Stepping away from the role as an armchair independent bottler has brought some definite challenges but the rewards we hope will be enjoyed by our customers and distributors.
The last outrun of 2020 has been bottled at the warehouse and we are proud to launch a batch of casks that includes old Jura from 1991, some 1998 vintage fruity and flavoursome hoggies from Glen Grant and Auchenstoshan, a couple of PX sherry hoggies from Auchroisk and Blair Athol and our Islay is another of our signature special Caol ila’s with an Amarone wine finish.
The role of an independent bottler has changed throughout the history of scotch whisky from the humble days of pubs and grocers turning up at distilleries with their own casks or bottles. These early pioneers would then add their own name or brand to the what they sold, sometimes naming the distillery, sometimes not. This was of course, long before the distillers then decided to create their own brands and core ranges from their output thus determining distillery ‘house style’.

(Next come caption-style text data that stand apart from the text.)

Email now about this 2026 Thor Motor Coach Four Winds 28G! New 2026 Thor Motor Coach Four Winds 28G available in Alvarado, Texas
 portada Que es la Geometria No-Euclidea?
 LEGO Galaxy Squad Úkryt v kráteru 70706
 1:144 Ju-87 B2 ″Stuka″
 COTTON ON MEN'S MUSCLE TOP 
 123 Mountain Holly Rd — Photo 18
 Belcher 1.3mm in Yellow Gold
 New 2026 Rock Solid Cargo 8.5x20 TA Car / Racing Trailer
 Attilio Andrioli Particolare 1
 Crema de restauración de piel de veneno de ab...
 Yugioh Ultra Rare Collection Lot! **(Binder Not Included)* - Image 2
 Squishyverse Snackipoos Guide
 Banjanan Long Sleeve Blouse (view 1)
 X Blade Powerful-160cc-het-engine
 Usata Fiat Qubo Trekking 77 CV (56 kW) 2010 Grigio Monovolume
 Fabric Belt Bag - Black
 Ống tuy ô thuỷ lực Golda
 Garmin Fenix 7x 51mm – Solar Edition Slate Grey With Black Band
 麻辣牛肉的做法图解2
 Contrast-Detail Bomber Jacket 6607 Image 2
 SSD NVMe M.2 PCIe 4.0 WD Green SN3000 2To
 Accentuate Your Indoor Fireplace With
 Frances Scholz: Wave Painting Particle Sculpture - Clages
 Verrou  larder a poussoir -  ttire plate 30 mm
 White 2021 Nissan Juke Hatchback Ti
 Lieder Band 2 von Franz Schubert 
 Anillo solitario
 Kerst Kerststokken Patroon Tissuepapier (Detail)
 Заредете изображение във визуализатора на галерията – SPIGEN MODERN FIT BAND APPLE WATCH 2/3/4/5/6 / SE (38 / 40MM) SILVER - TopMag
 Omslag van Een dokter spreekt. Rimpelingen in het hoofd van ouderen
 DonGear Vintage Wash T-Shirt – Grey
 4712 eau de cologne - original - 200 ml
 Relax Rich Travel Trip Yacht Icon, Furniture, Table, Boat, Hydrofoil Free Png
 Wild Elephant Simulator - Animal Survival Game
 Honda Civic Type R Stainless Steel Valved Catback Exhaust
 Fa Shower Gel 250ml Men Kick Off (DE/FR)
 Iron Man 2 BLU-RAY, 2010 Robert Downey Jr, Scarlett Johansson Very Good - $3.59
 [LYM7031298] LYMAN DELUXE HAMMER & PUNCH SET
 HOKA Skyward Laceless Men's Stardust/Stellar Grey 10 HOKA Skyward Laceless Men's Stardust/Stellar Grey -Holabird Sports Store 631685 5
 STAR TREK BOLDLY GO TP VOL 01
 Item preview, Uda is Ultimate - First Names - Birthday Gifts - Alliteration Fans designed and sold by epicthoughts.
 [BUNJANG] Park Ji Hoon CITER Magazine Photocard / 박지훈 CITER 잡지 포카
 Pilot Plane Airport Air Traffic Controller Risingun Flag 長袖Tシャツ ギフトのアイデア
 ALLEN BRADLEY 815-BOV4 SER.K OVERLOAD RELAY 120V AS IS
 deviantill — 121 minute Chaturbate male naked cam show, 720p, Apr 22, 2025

These days, independent bottlers are numerous, and their main role is to offer their selection and influence on distillery output perhaps once destined for another purpose. This is particularly important to our Lady of the Glen brand as our focus on bottling single cask whiskies remains our way of highlighting the individual nuances of each individual cask. The cask selection process and whiskies we choose to bottle is essentially our way of differentiating ourselves from other bottlers.
So essentially how are the casks we bottle from particular distilleries better than a sister cask from the same distillery bottled by another independent bottler? The ‘million dollar’ question can only be answered by the personal opinions of both the bottler who selected the cask and the consumers who choose to buy the whisky. This is of course on the assumption that the bottler actually bottled the whisky because they thought it stood out in their opinion and not just ‘making up the numbers’ for a bottling run.
The beauty of working with single cask whisky is than no two casks are exactly the same, even when considering ‘sister casks’ where casks from the same distillery, filled on the same day and matured for the same amount of time can produce different results. It’s these differences that we look for where these casks stand out amongst others and in our opinion are worthy of bottling in single cask format.
Many consumers now determine whisky style and character based on brand name rather than regional variances or production style. This is understandable due to the marketing efforts of some of the major brands who are keen to establish brand identity and loyalty so often attach a sensory impression when advertising.
This way of thinking is challenged when you consider that many distilleries now produce more than one style of spirit and that in many cases, spirit character can be changed by the touch of a button, even on an iPad these days.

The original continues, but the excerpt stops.